France | France, Cour administrative d'appel de Lyon, 1ère chambre, 08 novembre 2022, 21LY04043


Vu la procédure suivante :

Procédure contentieuse antérieure

M. A... B... a demandé au tribunal administratif de Grenoble d'annuler la décision du 19 novembre 2019 par laquelle le directeur de l'Office français de protection des réfugiés et apatrides a rejeté sa demande d'admission au statut d'apatride.

Par jugement n° 2001145 du 12 octobre 2021, le tribunal administratif de Grenoble a rejeté sa demande.

Procédure devant la cour

Par une requête enregistrée le 9 décembre 2021 et un mémoire enregistré le 13 octobre 2022 et non communiqué, M.

A... B..., représenté par Me Schürmann, demande à la cour :

1°) d'annuler ce jugement du 12 oc...

Vu la procédure suivante :

Procédure contentieuse antérieure

M. A... B... a demandé au tribunal administratif de Grenoble d'annuler la décision du 19 novembre 2019 par laquelle le directeur de l'Office français de protection des réfugiés et apatrides a rejeté sa demande d'admission au statut d'apatride.

Par jugement n° 2001145 du 12 octobre 2021, le tribunal administratif de Grenoble a rejeté sa demande.

Procédure devant la cour

Par une requête enregistrée le 9 décembre 2021 et un mémoire enregistré le 13 octobre 2022 et non communiqué, M. A... B..., représenté par Me Schürmann, demande à la cour :

1°) d'annuler ce jugement du 12 octobre 2021 ;

2°) d'annuler la décision du 19 novembre 2019 par laquelle le directeur de l'Office français de protection des réfugiés et apatrides a rejeté sa demande d'admission au statut d'apatride ;

3°) d'enjoindre à l'Office français de protection des réfugiés et apatrides de lui accorder le statut d'apatride ;

4°) de mettre à la charge de l'Office français de protection des réfugiés et apatrides le versement à son conseil de la somme de 1 000 euros au titre des dispositions de l'article L. 761-1 du code de justice administrative et de celles de l'article 37 de la loi du 10 juillet 1991.

Il soutient que :

- la décision en litige méconnaît les dispositions de l'article L. 812-1 du code de l'entrée et du séjour des étrangers et du droit d'asile et l'article 1er de la convention de New York du 28 septembre 1954 relative au statut des apatrides en ce qu'il justifie des démarches effectuées pour se voir reconnaître la nationalité macédonienne, qu'il ne peut obtenir ;

- la décision en litige est entachée d'erreur manifeste d'appréciation et d'une erreur de fait.
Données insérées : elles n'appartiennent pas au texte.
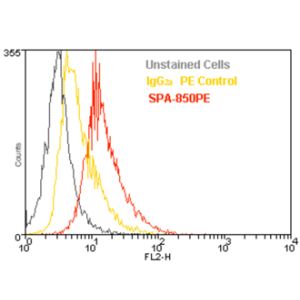 Jurkat cells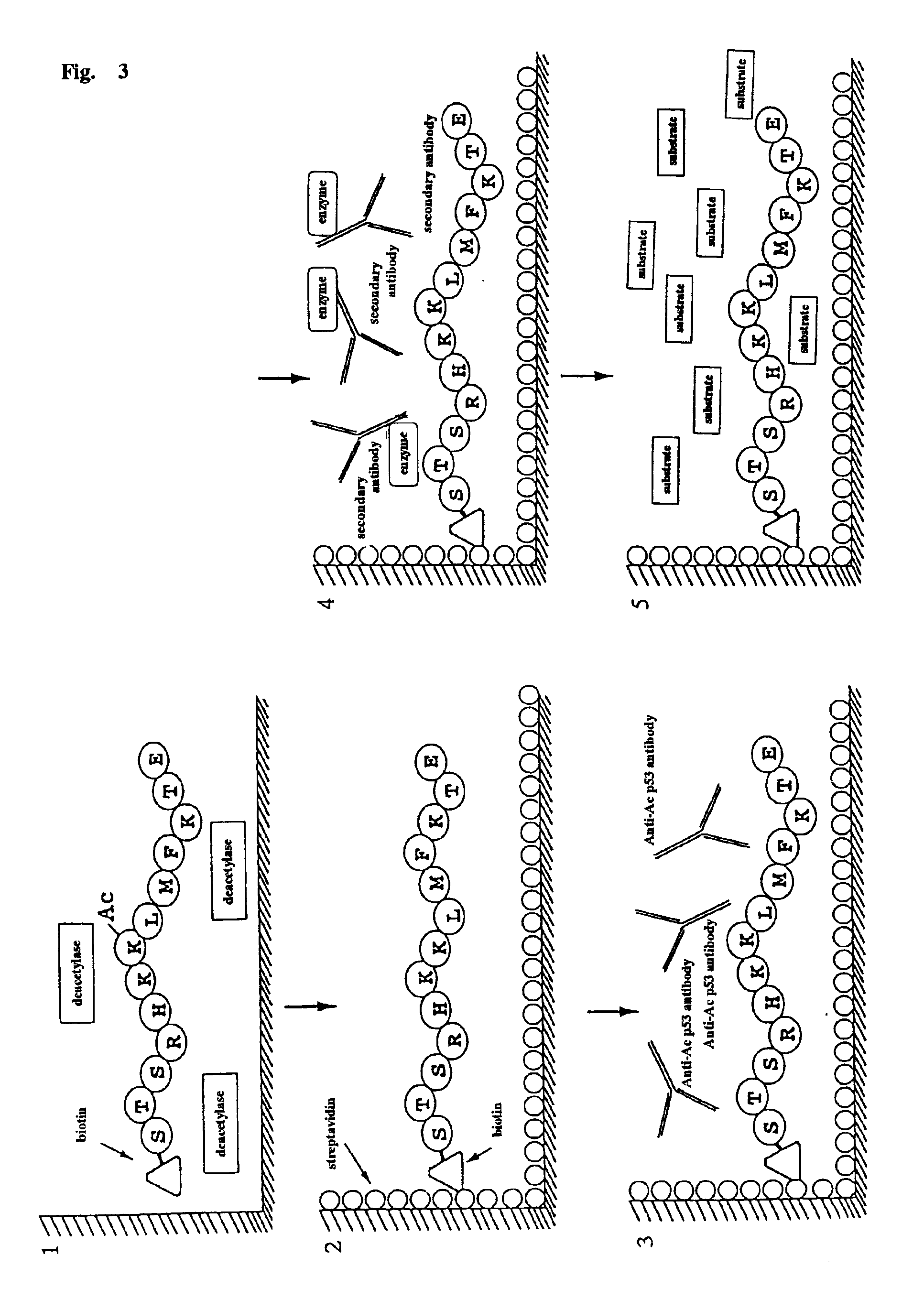 Method for detecting acetyltransferase and deacetylase activities and method for screening inhibitors or enhancers of these enzymes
Par un mémoire enregistré le 22 juin 2022, l'Office français de protection des réfugiés et apatrides, représenté par Me Cano, conclut au rejet de la requête et à ce que soit mis à la charge du requérant le versement de la somme de 500 euros au titre de l'article L. 761-1 du code de justice administrative.

Il soutient que les moyens invoqués ne sont pas fondés.

M. A... B... a été admis au bénéfice de l'aide juridictionnelle totale par décision du 9 mars 2022.

Vu les autres pièces du dossier ;

Vu :

- la convention de New York du 28 septembre 1954 relative au statut des apatrides, publiée par le décret n° 60-1066 du 4 octobre 1960 ;

- le code de l'entrée et du séjour des étrangers et du droit d'asile ;

- la loi n° 91-647 du 10 juillet 1991 relative à l'aide juridique ;

- le code de justice administrative ;

Les parties ont été régulièrement averties du jour de l'audience.

Après avoir entendu au cours de l'audience publique :

- le rapport de Mme Burnichon, première conseillère,

- et les conclusions de M. Laval, rapporteur public.

Considérant ce qui suit :

1. M. A... B... déclare être né le 19 septembre 1978 à Strumica, dans la République socialiste de Macédoine. Cette dernière, qui faisait alors partie de la République fédérative socialiste de Yougoslavie, est devenue la République de Macédoine, dénommée également " Ancienne république yougoslave de Macédoine " (ARYM), pour devenir enfin la " République de la Macédoine du Nord ". Il soutient avoir rejoint l'Italie en 1990, où il aurait vécu avec ses parents et ses quatre enfants, avant d'entrer irrégulièrement en France le 26 janvier 2010. Sa demande d'asile, au titre de laquelle il est constant qu'il avait soutenu être originaire du Kosovo, a été définitivement rejetée par la Cour nationale du droit d'asile le 3 avril 2012, et il a fait l'objet d'une mesure d'éloignement le 3 juillet 2012. Suite à un premier rejet de sa demande de reconnaissance du statut d'apatride le 6 mai 2015, décision confirmée, en dernier lieu, par l'arrêt du 24 novembre 2016 de la Cour administrative d'appel de Lyon, il a présenté une demande de titre de séjour au titre de sa vie privée et familiale, qui a été rejetée par un arrêté du 30 décembre 2015 du préfet de l'Isère l'obligeant à quitter le territoire et lui interdisant le retour pour une durée de deux ans, et les recours introduits ont été rejetés, en dernier lieu, par une ordonnance de la Cour administrative d'appel de Lyon du 28 décembre 2016. Il a alors de nouveau sollicité la reconnaissance du statut d'apatride, et cette demande a été rejetée par une décision du 19 novembre 2019 du directeur de l'Office français de protection des réfugiés et apatrides (OFPRA). Par un jugement du 12 octobre 2021 dont il relève appel, le tribunal administratif de Grenoble a rejeté sa demande tendant à l'annulation de cette décision.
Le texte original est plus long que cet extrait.